=== Source information ===
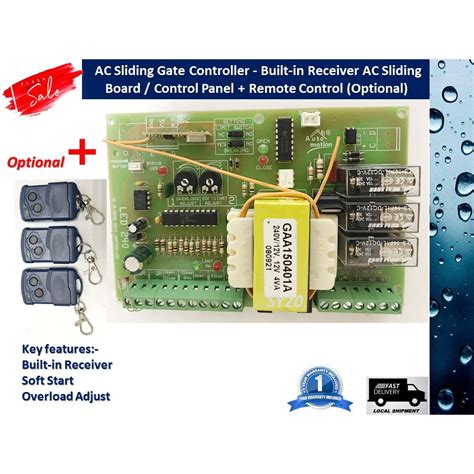 Image result for Panel Controller for Auto Gate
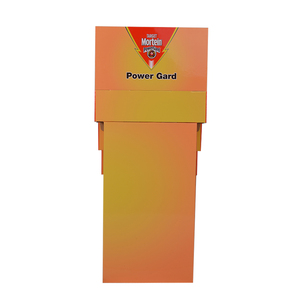 Kệ Trưng Bày POP Store Kệ Trưng Bày Kệ Sàn Bán Lẻ Có Thể Gập Lại Quảng Cáo Miễn Phí Kệ Trưng Bày Các Tông Đồ Ăn Nhẹ Quầy <span class=keywords><strong>Carton</strong></span> - Product Image 5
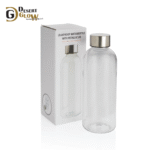 Leakproof Water Bottle With Metallic Lid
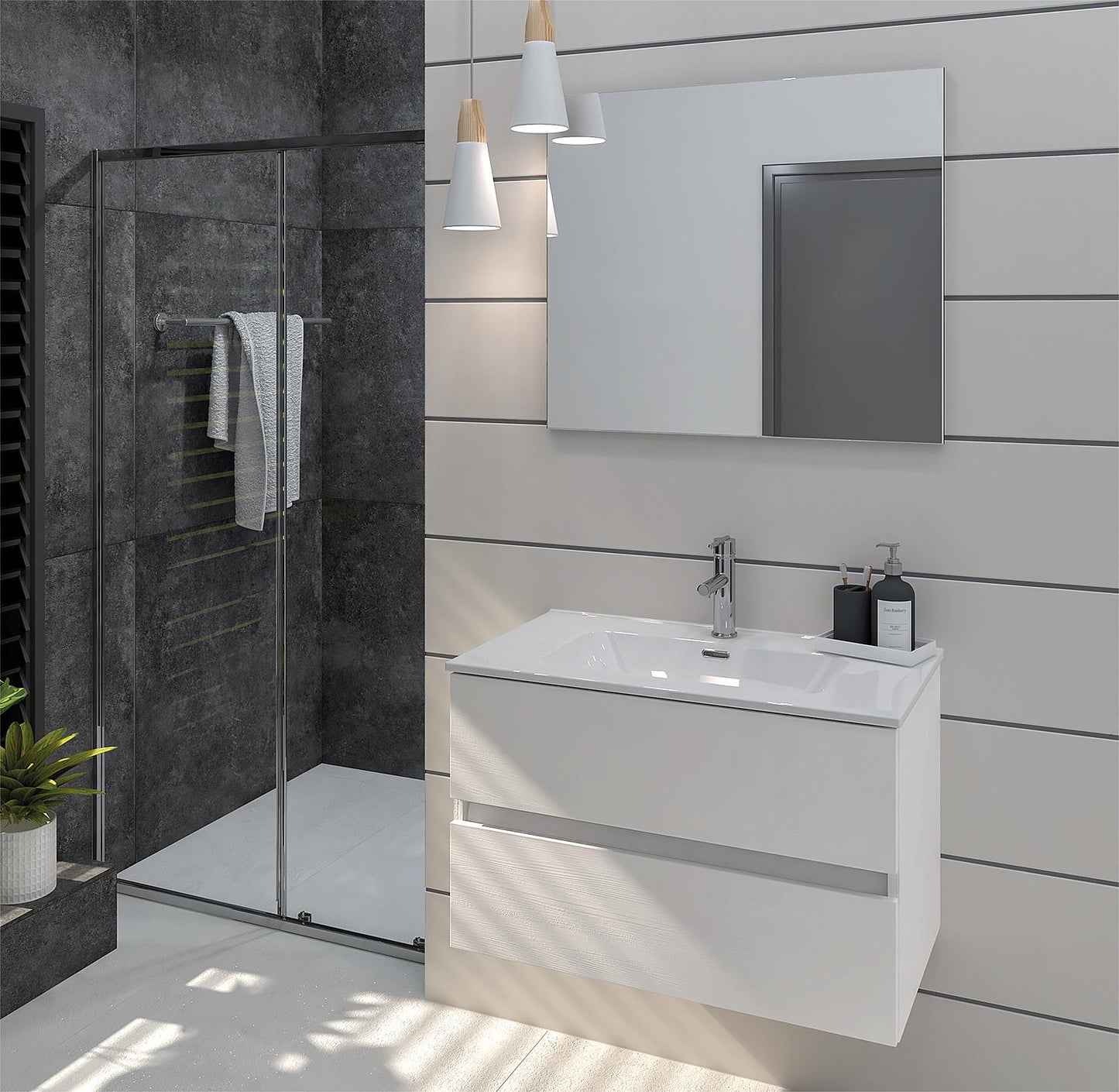 Ensemble de meubles de salle de bain Kora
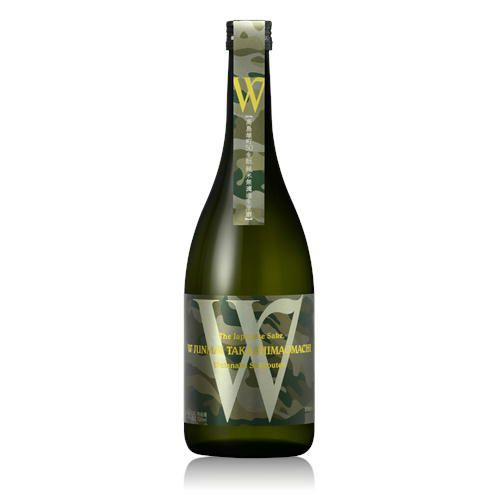 蓬莱Ｗ　ダブリュー高島雄町　生原酒　720ml
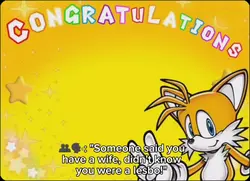 CONGRATULATIONS 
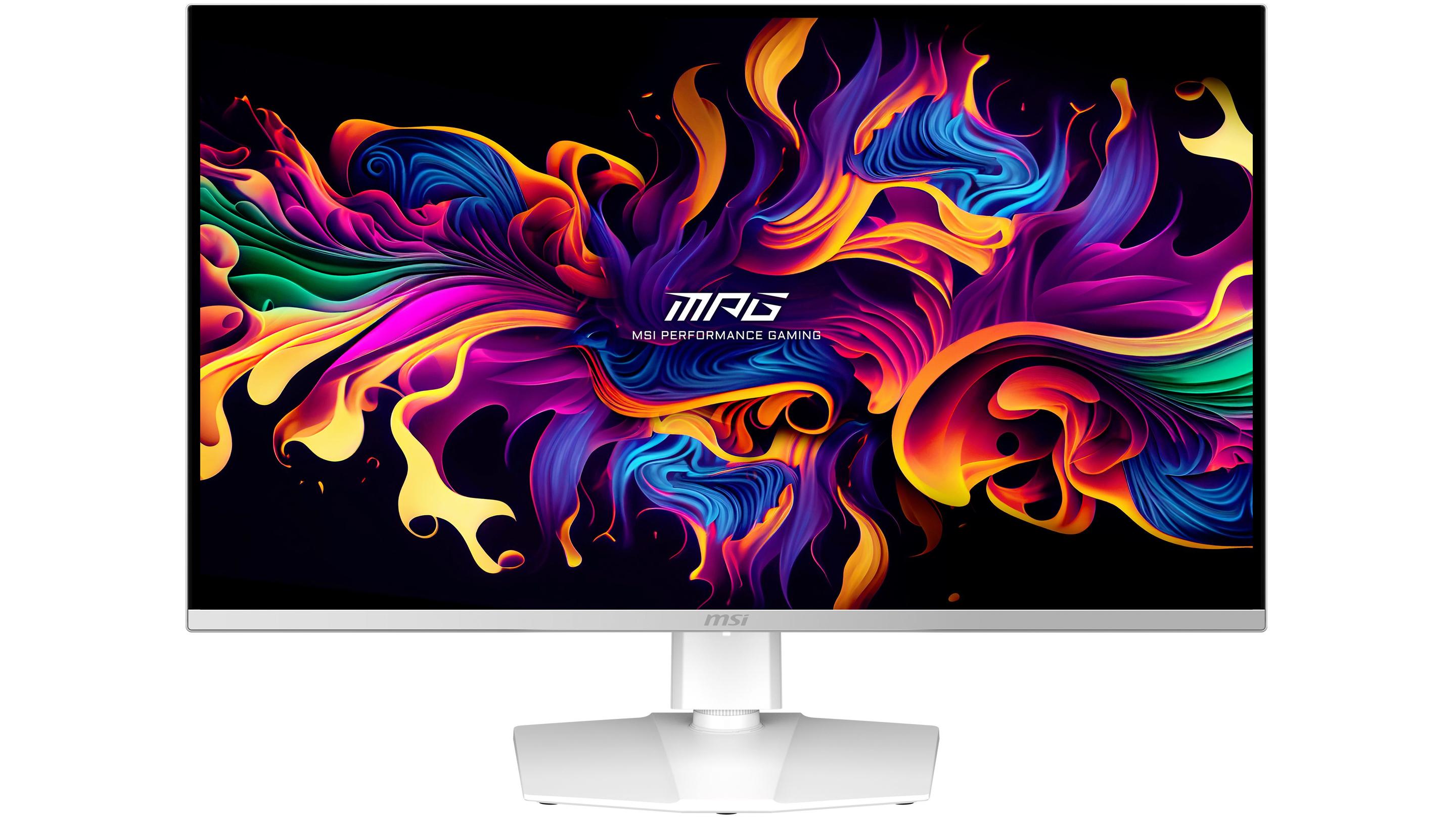 Monitor MSI MPG 321URXW QD-OLED (31,5" - QD-OLED - 240 Hz - Branco)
===
* [Requirement]
I need the lines from the one holding "蓬莱Ｗ　ダブリュー高島雄町　生原酒　720ml" through the last line of the entries set down exactly, with every picture left out.

* [Task answer]
 蓬莱Ｗ　ダブリュー高島雄町　生原酒　720ml
 CONGRATULATIONS 
 Monitor MSI MPG 321URXW QD-OLED (31,5" - QD-OLED - 240 Hz - Branco)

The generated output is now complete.